Stored dataset items
★ ★ ★ ★ ★ ★ ★
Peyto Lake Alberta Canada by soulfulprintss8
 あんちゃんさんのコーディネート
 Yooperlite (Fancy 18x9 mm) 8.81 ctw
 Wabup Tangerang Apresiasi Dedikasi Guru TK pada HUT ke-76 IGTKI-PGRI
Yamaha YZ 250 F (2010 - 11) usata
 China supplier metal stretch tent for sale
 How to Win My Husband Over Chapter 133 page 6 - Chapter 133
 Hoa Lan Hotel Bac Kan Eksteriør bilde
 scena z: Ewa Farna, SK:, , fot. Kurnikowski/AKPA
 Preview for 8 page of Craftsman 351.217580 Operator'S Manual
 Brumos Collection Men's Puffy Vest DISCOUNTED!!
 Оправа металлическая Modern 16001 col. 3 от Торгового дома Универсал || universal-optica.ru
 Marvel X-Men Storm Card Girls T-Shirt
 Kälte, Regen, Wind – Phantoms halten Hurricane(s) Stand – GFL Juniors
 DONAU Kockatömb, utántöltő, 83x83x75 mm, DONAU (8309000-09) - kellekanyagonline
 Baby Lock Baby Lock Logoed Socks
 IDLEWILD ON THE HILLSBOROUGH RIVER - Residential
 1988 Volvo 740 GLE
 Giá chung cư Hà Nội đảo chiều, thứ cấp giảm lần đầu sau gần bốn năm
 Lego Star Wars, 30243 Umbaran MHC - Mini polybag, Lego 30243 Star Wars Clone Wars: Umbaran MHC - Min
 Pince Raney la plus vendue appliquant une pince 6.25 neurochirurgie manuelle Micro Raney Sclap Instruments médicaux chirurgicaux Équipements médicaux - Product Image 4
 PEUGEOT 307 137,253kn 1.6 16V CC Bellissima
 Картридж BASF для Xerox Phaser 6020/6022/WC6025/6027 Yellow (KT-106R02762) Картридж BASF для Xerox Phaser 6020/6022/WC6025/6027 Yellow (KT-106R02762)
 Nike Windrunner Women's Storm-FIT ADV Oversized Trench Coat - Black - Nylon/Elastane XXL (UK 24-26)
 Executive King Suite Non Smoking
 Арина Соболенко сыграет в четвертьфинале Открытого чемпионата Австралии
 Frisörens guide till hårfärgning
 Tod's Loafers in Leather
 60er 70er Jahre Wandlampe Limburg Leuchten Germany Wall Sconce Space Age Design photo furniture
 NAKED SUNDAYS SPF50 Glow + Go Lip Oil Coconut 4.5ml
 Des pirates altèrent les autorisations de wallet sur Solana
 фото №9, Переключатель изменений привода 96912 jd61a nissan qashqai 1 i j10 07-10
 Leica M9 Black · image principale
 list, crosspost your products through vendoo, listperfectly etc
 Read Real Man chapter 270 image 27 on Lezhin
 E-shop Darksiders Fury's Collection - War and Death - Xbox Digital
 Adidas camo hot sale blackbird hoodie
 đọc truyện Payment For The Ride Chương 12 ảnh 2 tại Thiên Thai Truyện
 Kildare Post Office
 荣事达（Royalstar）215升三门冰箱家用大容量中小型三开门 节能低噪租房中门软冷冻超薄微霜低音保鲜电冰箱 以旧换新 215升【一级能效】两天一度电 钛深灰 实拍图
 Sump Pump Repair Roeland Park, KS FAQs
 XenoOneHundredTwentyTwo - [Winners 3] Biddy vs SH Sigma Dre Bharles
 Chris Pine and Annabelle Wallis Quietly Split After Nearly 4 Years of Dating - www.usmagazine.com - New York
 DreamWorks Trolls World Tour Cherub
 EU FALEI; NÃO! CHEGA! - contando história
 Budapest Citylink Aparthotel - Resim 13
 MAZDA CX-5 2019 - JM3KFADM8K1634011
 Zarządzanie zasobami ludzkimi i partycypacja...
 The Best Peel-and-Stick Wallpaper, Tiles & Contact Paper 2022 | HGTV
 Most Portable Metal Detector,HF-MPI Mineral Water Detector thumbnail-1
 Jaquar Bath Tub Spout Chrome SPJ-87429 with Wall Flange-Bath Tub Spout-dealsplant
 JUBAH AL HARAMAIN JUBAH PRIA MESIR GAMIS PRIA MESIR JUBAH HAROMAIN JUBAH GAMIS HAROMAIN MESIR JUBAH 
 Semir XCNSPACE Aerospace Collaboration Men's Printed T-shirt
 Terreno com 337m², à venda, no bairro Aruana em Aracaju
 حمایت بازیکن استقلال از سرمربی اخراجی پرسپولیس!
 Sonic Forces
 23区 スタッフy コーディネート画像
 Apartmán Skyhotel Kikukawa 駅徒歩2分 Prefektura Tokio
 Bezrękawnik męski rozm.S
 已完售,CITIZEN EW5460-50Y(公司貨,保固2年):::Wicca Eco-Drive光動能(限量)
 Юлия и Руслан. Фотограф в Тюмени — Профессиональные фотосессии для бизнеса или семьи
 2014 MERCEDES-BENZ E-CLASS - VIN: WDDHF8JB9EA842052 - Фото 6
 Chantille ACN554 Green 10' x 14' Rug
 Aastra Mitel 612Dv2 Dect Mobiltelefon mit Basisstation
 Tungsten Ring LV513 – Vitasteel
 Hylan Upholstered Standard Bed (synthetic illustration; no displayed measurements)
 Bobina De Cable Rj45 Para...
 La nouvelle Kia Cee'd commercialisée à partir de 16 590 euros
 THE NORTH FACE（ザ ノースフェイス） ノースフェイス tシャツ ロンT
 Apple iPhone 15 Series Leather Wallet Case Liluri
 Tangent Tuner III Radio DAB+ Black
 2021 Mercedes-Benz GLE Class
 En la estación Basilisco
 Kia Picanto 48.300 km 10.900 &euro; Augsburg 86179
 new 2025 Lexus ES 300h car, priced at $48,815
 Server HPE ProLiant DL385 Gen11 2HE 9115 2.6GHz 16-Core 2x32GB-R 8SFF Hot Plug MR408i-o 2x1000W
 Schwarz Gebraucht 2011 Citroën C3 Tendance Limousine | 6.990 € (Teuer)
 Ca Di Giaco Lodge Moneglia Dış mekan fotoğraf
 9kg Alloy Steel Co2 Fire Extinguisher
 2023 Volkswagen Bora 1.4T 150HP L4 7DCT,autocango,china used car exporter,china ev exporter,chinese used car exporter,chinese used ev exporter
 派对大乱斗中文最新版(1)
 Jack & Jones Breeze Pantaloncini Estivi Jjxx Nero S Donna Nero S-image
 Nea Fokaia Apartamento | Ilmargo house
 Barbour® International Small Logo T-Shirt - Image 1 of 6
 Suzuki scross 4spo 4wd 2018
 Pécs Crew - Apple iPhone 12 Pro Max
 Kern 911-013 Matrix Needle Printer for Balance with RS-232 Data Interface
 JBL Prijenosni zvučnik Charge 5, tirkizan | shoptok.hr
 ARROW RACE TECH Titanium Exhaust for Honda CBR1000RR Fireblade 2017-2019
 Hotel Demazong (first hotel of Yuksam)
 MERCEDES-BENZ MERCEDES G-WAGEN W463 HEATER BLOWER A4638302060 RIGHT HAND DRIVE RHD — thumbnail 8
★ ★ ★ ★ ★ ★ ★
• PROMPT
Above are the records; repeat exactly the lines from the one holding "Jaquar Bath Tub" down to the one holding "9kg Alloy Steel Co2 Fire Extinguisher", end lines included.

• EXERCISE ANSWER
 Jaquar Bath Tub Spout Chrome SPJ-87429 with Wall Flange-Bath Tub Spout-dealsplant
 JUBAH AL HARAMAIN JUBAH PRIA MESIR GAMIS PRIA MESIR JUBAH HAROMAIN JUBAH GAMIS HAROMAIN MESIR JUBAH 
 Semir XCNSPACE Aerospace Collaboration Men's Printed T-shirt
 Terreno com 337m², à venda, no bairro Aruana em Aracaju
 حمایت بازیکن استقلال از سرمربی اخراجی پرسپولیس!
 Sonic Forces
 23区 スタッフy コーディネート画像
 Apartmán Skyhotel Kikukawa 駅徒歩2分 Prefektura Tokio
 Bezrękawnik męski rozm.S
 已完售,CITIZEN EW5460-50Y(公司貨,保固2年):::Wicca Eco-Drive光動能(限量)
 Юлия и Руслан. Фотограф в Тюмени — Профессиональные фотосессии для бизнеса или семьи
 2014 MERCEDES-BENZ E-CLASS - VIN: WDDHF8JB9EA842052 - Фото 6
 Chantille ACN554 Green 10' x 14' Rug
 Aastra Mitel 612Dv2 Dect Mobiltelefon mit Basisstation
 Tungsten Ring LV513 – Vitasteel
 Hylan Upholstered Standard Bed (synthetic illustration; no displayed measurements)
 Bobina De Cable Rj45 Para...
 La nouvelle Kia Cee'd commercialisée à partir de 16 590 euros
 THE NORTH FACE（ザ ノースフェイス） ノースフェイス tシャツ ロンT
 Apple iPhone 15 Series Leather Wallet Case Liluri
 Tangent Tuner III Radio DAB+ Black
 2021 Mercedes-Benz GLE Class
 En la estación Basilisco
 Kia Picanto 48.300 km 10.900 &euro; Augsburg 86179
 new 2025 Lexus ES 300h car, priced at $48,815
 Server HPE ProLiant DL385 Gen11 2HE 9115 2.6GHz 16-Core 2x32GB-R 8SFF Hot Plug MR408i-o 2x1000W
 Schwarz Gebraucht 2011 Citroën C3 Tendance Limousine | 6.990 € (Teuer)
 Ca Di Giaco Lodge Moneglia Dış mekan fotoğraf
 9kg Alloy Steel Co2 Fire Extinguisher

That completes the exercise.